I was a victim of date rape, but my community wasn’t willing to face it.

 

Beejoli Shah

IRL

Posted on Jul 24, 2015   Updated on May 28, 2021, 7:20 am CDT

Slut-shaming is a phenomenon that has touched women of all kinds and has become a powerful force of discrimination in our society. We asked women who have experienced it firsthand to share their stories in hopes that it will inspire you reconsider the way you view other’s sex lives—and your own.

Ask any Indian-American, even those from liberal families like myself, what’s expected from us as a society, and we’ll rattle off similar laundry lists: good grades, a respectable job, no dating or drinking as a teen or college student. You’re also somehow supposed to have a spouse, two kids, and a minivan by 32 (crossover SUV acceptable). These guidelines were established when our parents immigrated to America in the 1970s, back when India was a much more conservative place, and they haven’t changed much since.

For the most part, my fellow first-generation friends and I knew which guidelines to abide by (grades, curfew, ambition levels), and which we could toe around (driving our friends home, watching Next’s “Too Close” music video on TRL, and on the very rare occasion, dating). I assumed that my friends and I, as Indian-Americans, were firmly united in the instances we did color outside of the cultural norm lines—that as an entity, we were generally of one mind in how we interacted with the world.

Imagine my surprise when the most judgment I’ve ever felt came not from trying to find my place as a minority in America but from other Indian-Americans—people of my culture, who grew up just like me.

The first time this happened was in high school. Most of my friends had already had boyfriends, who were generally of the same race. I didn’t start dating until my junior year, after I outgrew my awkward phase and unibrow. So when I started dating Jackson, a non-Indian guy from our rival high school, I wasn’t sure if I was more excited to catch up to my friends and their dating dalliances or catch up to what I thought being an American teenager was like: a boyfriend, a prom date, kissing anywhere you can.

It’s not that the people around me weren’t having sex; it was just that I realized for the first time, we weren’t talking about it.

Using the precise teenage formula of “good girls give it up on their six-month anniversary,” Jackson and I clocked into that milestone around that time. It was the right choice at the right time, and there was no anxiety around the choice, or regrets after. (The whole thing could have been an advertisement for how to talk to teens about premarital sex, really.)

Yet when I told my friends about it, recounting the details of Monday afternoon’s milestone at Tuesday morning’s cheerleading practice, things got weird. For all the hours of discussion spent analyzing our fledgling relationship milestones (“He told me on AIM that he loved me, but do you think he like likes me?” and “He kissed me for the first time, but do you think he like likes me?!” were perennial refrains), crossing the penetration barrier suddenly ground conversation to a dead halt. It’s not that the people around me weren’t having sex; it was just that I realized for the first time, we weren’t talking about it.
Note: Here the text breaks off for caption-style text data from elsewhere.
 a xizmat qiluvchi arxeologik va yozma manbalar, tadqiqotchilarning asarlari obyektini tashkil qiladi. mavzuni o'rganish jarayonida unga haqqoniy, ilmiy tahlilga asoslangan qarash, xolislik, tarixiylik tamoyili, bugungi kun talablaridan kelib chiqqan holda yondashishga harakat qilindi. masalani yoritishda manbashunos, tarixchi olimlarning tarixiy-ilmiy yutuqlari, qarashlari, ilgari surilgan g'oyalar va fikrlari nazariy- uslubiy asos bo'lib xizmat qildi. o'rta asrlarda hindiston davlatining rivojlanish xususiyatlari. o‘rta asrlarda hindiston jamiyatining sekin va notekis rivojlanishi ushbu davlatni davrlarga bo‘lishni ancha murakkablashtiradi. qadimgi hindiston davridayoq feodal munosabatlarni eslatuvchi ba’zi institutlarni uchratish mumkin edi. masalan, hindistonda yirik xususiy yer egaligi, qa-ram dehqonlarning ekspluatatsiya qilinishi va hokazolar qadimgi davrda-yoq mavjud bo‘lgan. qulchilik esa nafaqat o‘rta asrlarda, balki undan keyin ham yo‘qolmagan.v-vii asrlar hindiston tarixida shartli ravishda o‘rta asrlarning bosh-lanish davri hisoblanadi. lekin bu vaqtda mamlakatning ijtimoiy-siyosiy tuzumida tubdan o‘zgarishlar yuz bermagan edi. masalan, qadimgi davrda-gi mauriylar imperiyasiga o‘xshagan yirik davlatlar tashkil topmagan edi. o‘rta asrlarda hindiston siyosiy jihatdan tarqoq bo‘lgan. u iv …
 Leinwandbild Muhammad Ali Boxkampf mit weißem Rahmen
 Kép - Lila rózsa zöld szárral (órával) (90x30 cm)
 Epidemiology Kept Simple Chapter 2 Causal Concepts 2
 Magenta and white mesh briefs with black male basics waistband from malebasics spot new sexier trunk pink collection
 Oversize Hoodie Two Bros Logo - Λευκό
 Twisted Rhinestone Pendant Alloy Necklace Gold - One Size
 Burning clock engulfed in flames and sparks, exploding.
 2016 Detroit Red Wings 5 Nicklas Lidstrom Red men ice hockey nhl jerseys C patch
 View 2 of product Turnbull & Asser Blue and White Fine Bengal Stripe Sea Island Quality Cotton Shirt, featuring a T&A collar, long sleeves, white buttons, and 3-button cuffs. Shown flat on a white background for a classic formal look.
Things never quite changed after that. Even after more of my friends started to have sex, I was still the harlot who talked about it first. It’s not that no one would talk to me about Jackson, it was just that the conversations were different. More uncomfortable. Hours were spent dissecting whether his ex-girlfriend was making a play for him since they went to the same school, but only minutes on the difficulties of finding a place to hide condoms when we had parents who knew nothing of privacy.

This came up again for me in college. When I went to the University of California, Berkeley, I was immediately entrenched within similar groups of fellow immigrant children, with similar value systems. Once again, we drank, we smoked, we dated, we grew up. And once again, those invisible boundaries existed: Step even a toe out of line and your peers will make sure you quietly know you’re officially on the other side of the fence—even if they never say things to your face.

That’s the gas-lighting part of slut-shaming that can drive anyone insane.

The lesson this time was harsher than high-school isolation—in every meaningful way. I was roofied at a party and woke up bruised in the bed of an an acquaintance who was also part of my Indian community. The act itself was horrible; the apathy and pressure from my Indian friends to sweep it under rug was worse. My friends who would tell me that everything was fine while still ensuring I was aware that we were now at arm’s length.

You know the feeling you get when you know someone is being weird, but if you try to call it on its face, all you get back is a plaintive “What? I’m not being weird. You’re weird.” That was my albatross, both in high school and in college—a constant feeling of otherness that I couldn’t quite put my finger on. That’s the gas-lighting part of slut-shaming that can drive anyone insane.

For me, and for many other young women, our biggest arbiters of shame aren’t necessarily overt villains, publicly decrying our choices. They’re people within our own circles. People we trust, whose opinions matter. And if those people can’t abide by our choices, can we even abide by our own?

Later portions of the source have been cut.